AS I landed in Kochi in Kerala, I was somewhat anxious for two reasons. One, because it was my first time in this part of India. And I have read a lot about how different it is.

The other was because of the “chaos” attributed to the Citizenship (Amendment) Act (CAA) issue that seemed to have consumed the country lately. And how different would Kerala be?

The first part of my anxiety vanished very fast as I engaged with the orderly and friendly immigration services despite it being past midnight. This was relative to my other experience in a neighbouring state just a few months ago. In fact, the anxiety turned into excitement by the time I arrived at the baggage claim area.

Upon reading the pronouncement that the Cochin International Airport is the “world’s first airport to be fully powered by solar energy”, I almost flipped.

Unbelievable! Back home, we have not broached such topics yet, although Malaysia supposedly is on the threshold of becoming a “developed” nation. From then on, the rest of the trip was just as enriching to see how Kerala made real her version of inclusiveness and “shared prosperity”. And, the handling of the CAA issue.

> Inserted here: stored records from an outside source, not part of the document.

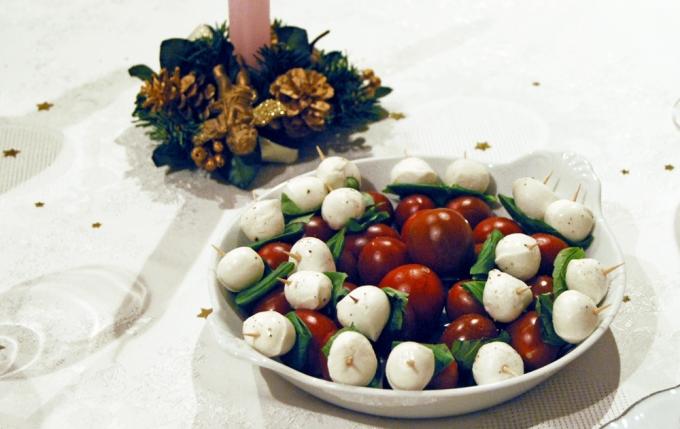 Canapés "caprese"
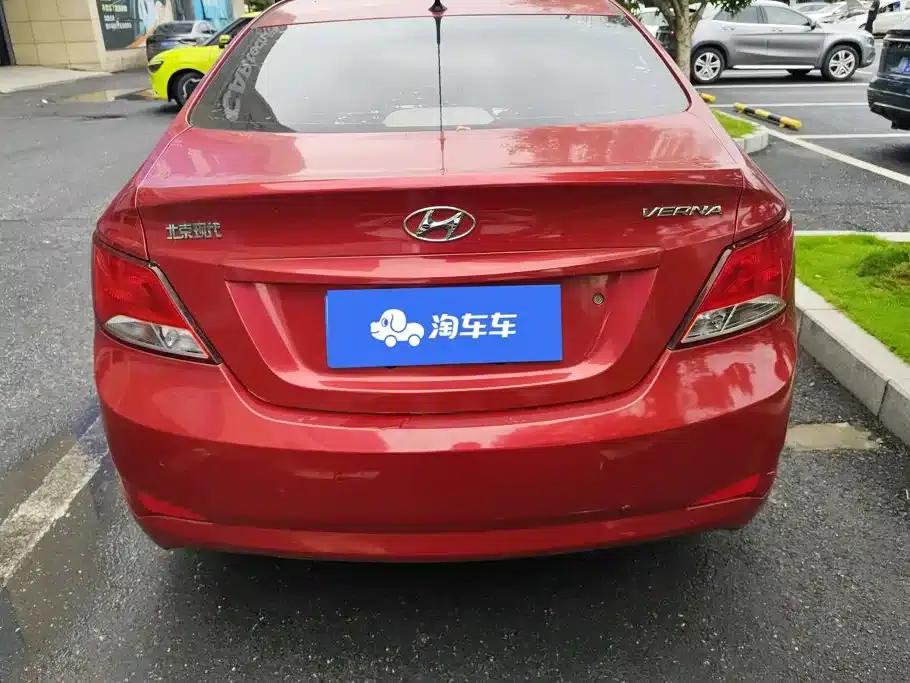 2016 Hyundai Reina 1.4L Automatic Leading Edition GLX — миниатюра 4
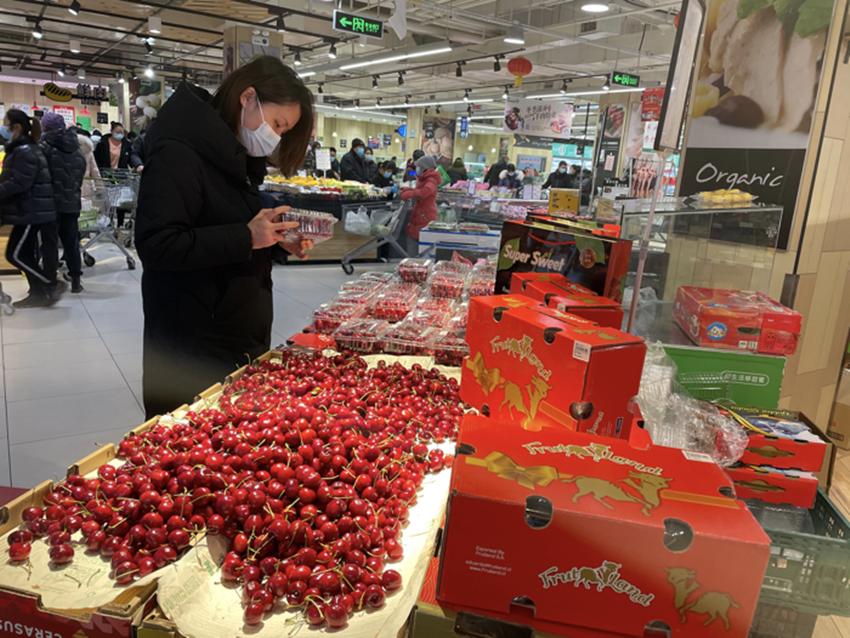 车厘子价格腰斩有利于卖吗,车厘子断崖式降价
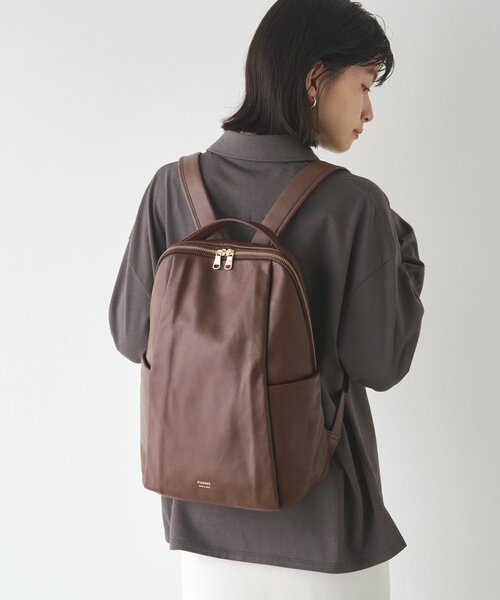 russet デイバック リュック 「約13リットル/590g/背面メッシュ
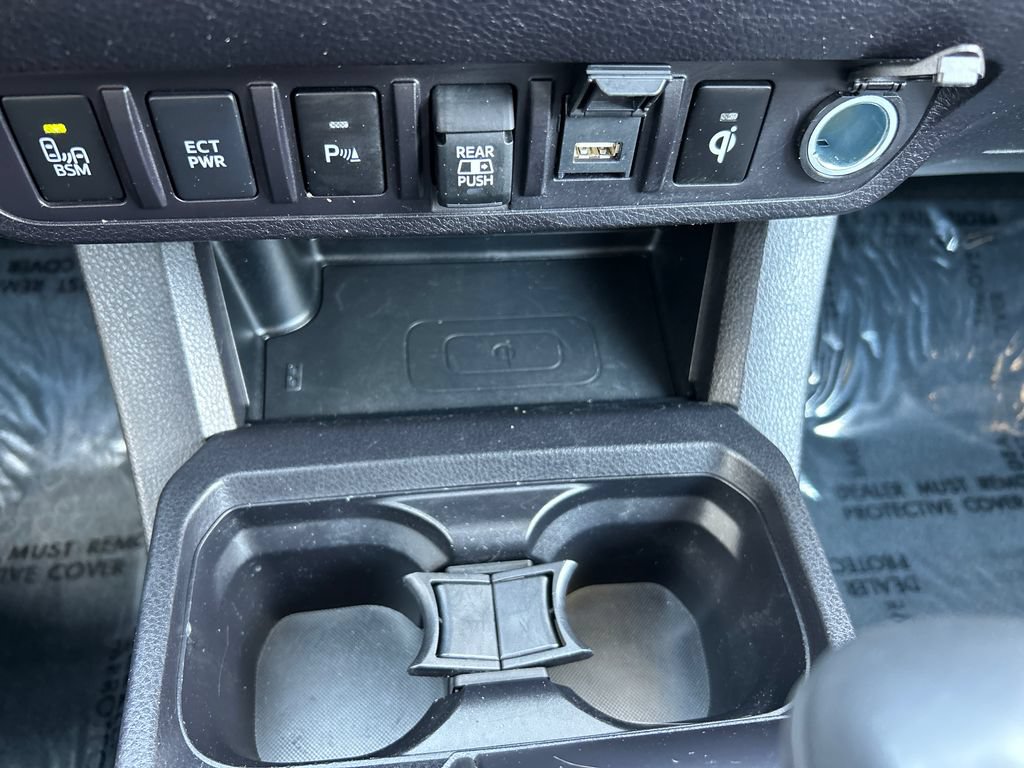 Used 2023 Toyota Tacoma TRD Off-Road w/ Technology Package AWD/4WD image 13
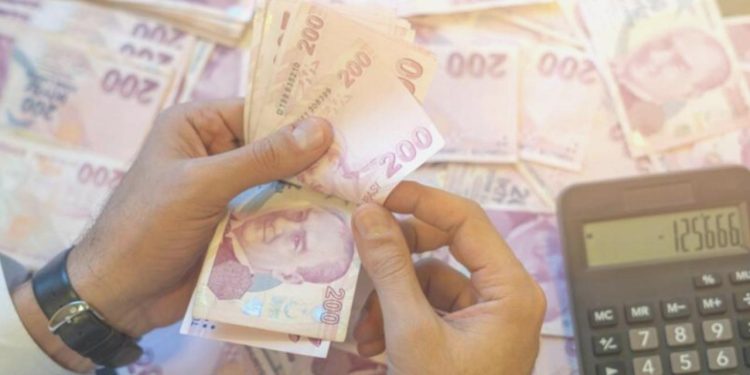 Maaşı Yetişmeyen EYT’liye Avans Muştusu… EYT’liler, Biriken Maaştan Avans Çekebilecek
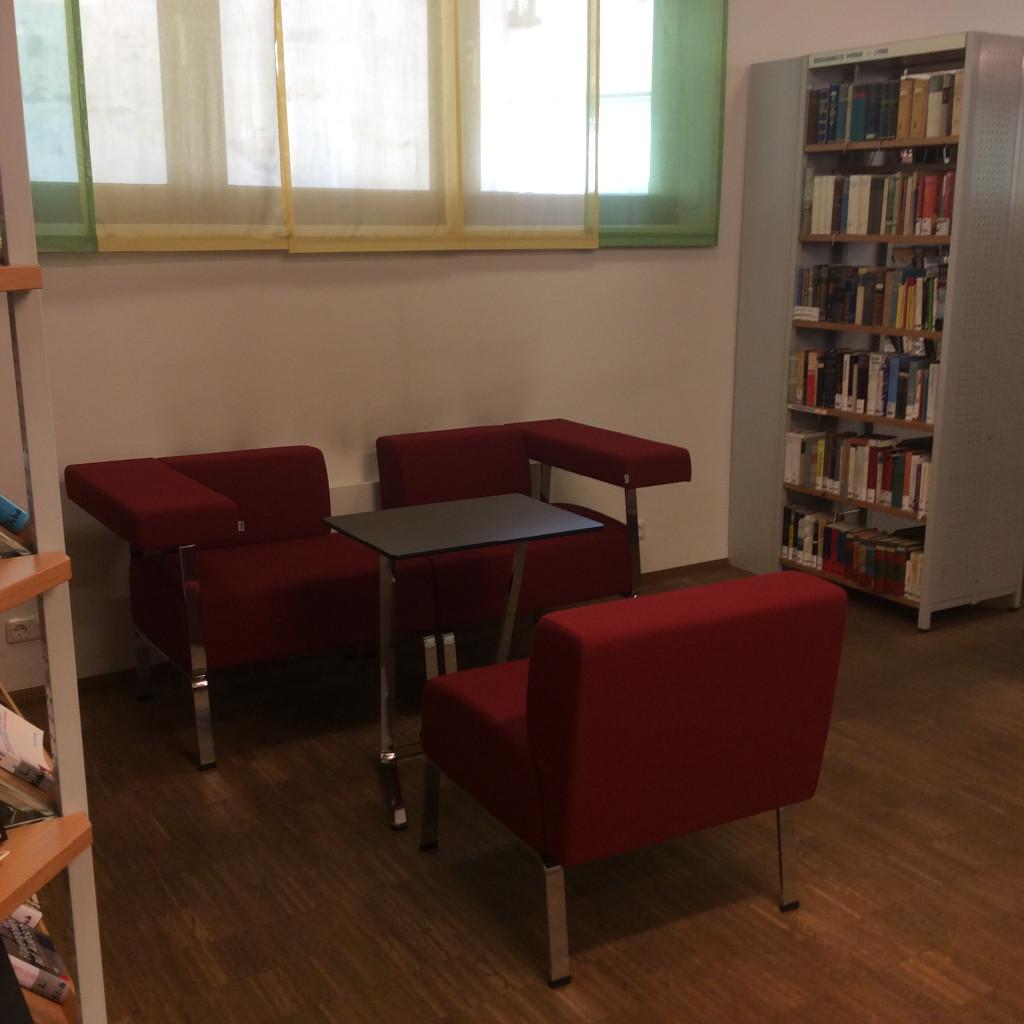 Bücherei Ybbsitz - drei gemütliche Fauteuils und kleiner Tisch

The CAA was confounding to most, judging by the build up from the previous day. The New Indian Express (Dec 21) front-paged the headline: “UP on the boil as 9 dead with gunshot injuries”, although police claimed that they did not “open fire”. In smaller print below it, the report read: “Protests in different parts of Kerala. As many as 25,000 attend a massive (peaceful) rally at Perumbavoor”.

What seems pressing to the Keralites, though, was the allegedly “illegal” arrest of seven of its media people while working in a neighbouring state. “We were treated like criminals for doing our job,” claimed one of those arrested.

No less, reportedly, the chief minister intervened, engaging his counterpart in the said state: “The Government of Kerala expresses its deepest concern at the turn of events. I request your kind intervention.”

So, too, the state police chief vis-a-vis his counterpart in securing the safe release. This was eventually obtained in no time.

Other media personnel were jointly critical over the incident. An opposition leader even labelled it “a kind of state-sponsored terror” and “declaration of war against democracy”.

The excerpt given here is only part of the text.